Aside from increasing brand awareness, you also need to make people believe in your brand. The financial industry relies heavily on building strong relationships based on trust. People will only let you manage their money if they’re sure that you’ll be able to deliver what you’ve promised and that you’ll take care of their interests first.
All of this takes a lot of marketing – just like with any successful business. As a firm that’s helped hundreds of financial advisors grow their business through digital marketing, allow us to show you what you need to do to survive in this industry.
To make your branding more effective, you need to target a specific niche or demographic. As a small business, you need to carve out a niche for yourself first and not try to compete with large financial institutions that have huge budgets and world class firms behind their marketing, and well established brands.
A smaller financial advisor practice will also have limited resources and manpower and can’t possibly try and address the needs of everyone. Your area of expertise and personal background will help you determine a specific demographic you can more effectively reach out to and connect with.
The needs of high net worth individuals is vastly different from those who are simply looking for a comfortable retirement. Consequently, your branding and approach to marketing should be tailored for whichever market you want to serve. Branding is all about first impressions, so you have to make sure whatever brand image you present will resonate with your target audience.
Branding and marketing go hand in hand. You’ll need to develop a good brand identity to make your marketing more impactful. And any effort you put into your branding won’t lead to anything if you don’t spend enough time marketing it. You also have to market to your target audience from different angles if you want to quickly gain exposure and increase recognition for your brand.
Let’s take a look at some of the different types of marketing you can use so that more people can discover your brand.
When you publish a lot of valuable content on the web, both on your own website as well as on other trusted publications, more people will be acquainted with your brand and regard you as an authority in your niche. As you put out more content, you’ll have higher chances of showing up on the first few search results pages whenever people from your target market are looking for more information or solutions to their problems.
These days, you can’t afford to not be on social media.
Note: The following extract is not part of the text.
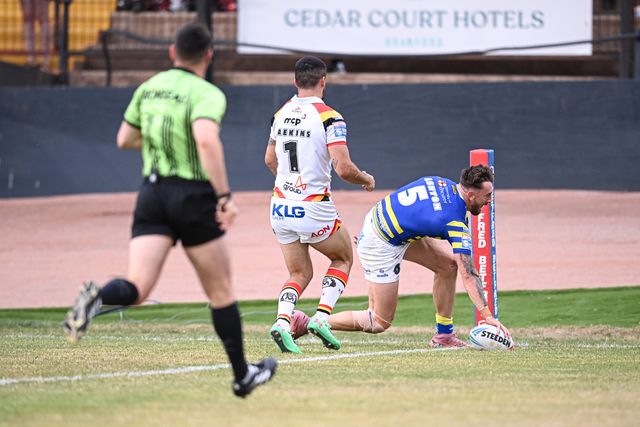 Matty Ashton of Warrington Wolves scores his team's first try during the Betfred Super League round 22 match Bradford Bulls vs Warrington Wolves at Odsal Stadium, Bradford, United Kingdom on 08 August 2026

(Photo by Ben Roberts/News Images)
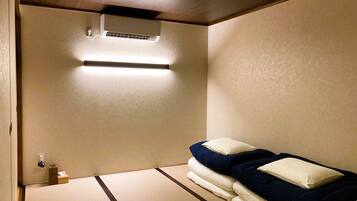 House, 2 Bedrooms, Non Smoking, Bathtub | Free WiFi, bed sheets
It not only has tremendous reach but also allows you to communicate and engage with your target market in different ways. You can show different sides of your business on social media and build a community of like-minded people. You can also repurpose content you’ve already published before on your website and repost it on your social media pages to push it to a new audience. Social media platforms are also great for generating referrals and spreading awareness through word of mouth.
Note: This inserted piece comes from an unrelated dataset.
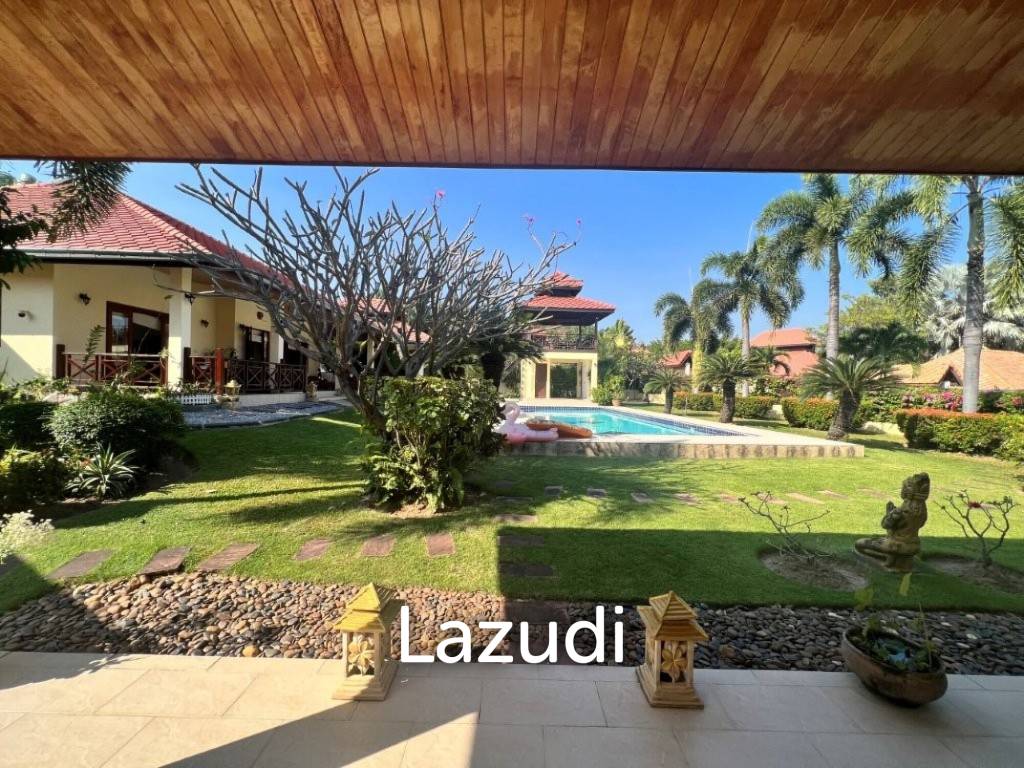 WHITE LOTUS 2 : Luxury 5 bed pool villa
Paid ads allow you to actively reach out to people who have never heard of your company before. A well thought out marketing campaign can even convince people who are not actively looking for financial advisors to consider your services. Having regular ads also helps keep your brand on top of people’s minds.
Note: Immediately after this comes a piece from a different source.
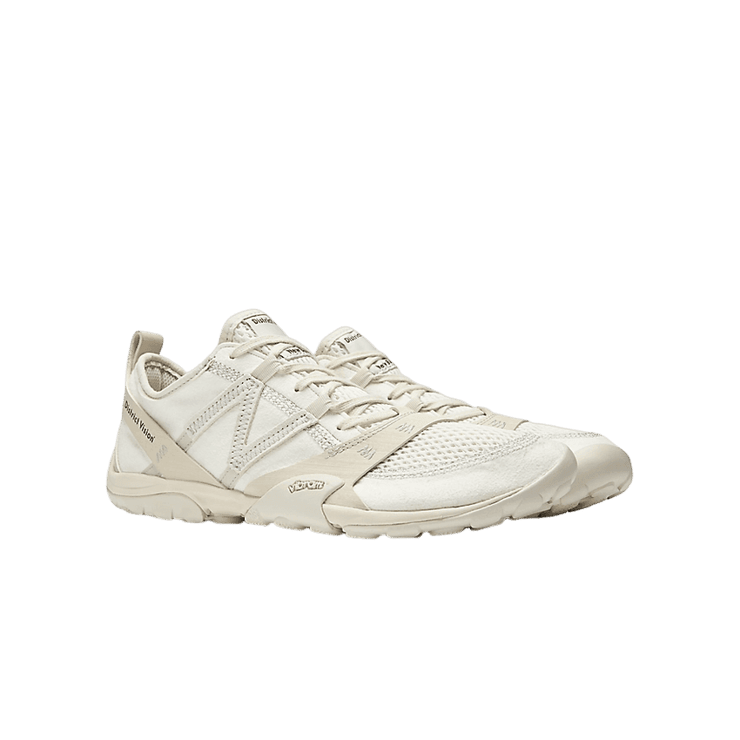 New Balance Minimus M10 District Vision Cloud Dancer Angle 2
It’s important to spend time on developing the right brand image from the very beginning. This allows you to consistently build it up over time and make it stick in people’s minds.
You need a unique identity and voice that people will instantly associate with your brand when they come across it. But if you’re not consistent with your branding, you’ll be alienating and confusing those who have already connected with your brand and throw away the brand recognition you’ve already generated.
When people check out your company online, you want to make sure you have good reviews everywhere. People take reviews and recommendations from anonymous people on the Internet very seriously nowadays. If they see too many bad reviews, your reputation will nosedive.
Of course, you can’t control what people post online about your business. But you have to take an active role in responding to less than stellar reviews in a constructive way. This way people can see your side of the story, or that you’ve at least owned up to your mistake. Posting testimonials on your website is a good idea. But it’s not going to be as convincing as reviews posted on third party sites like Google, Yelp, or other business directories.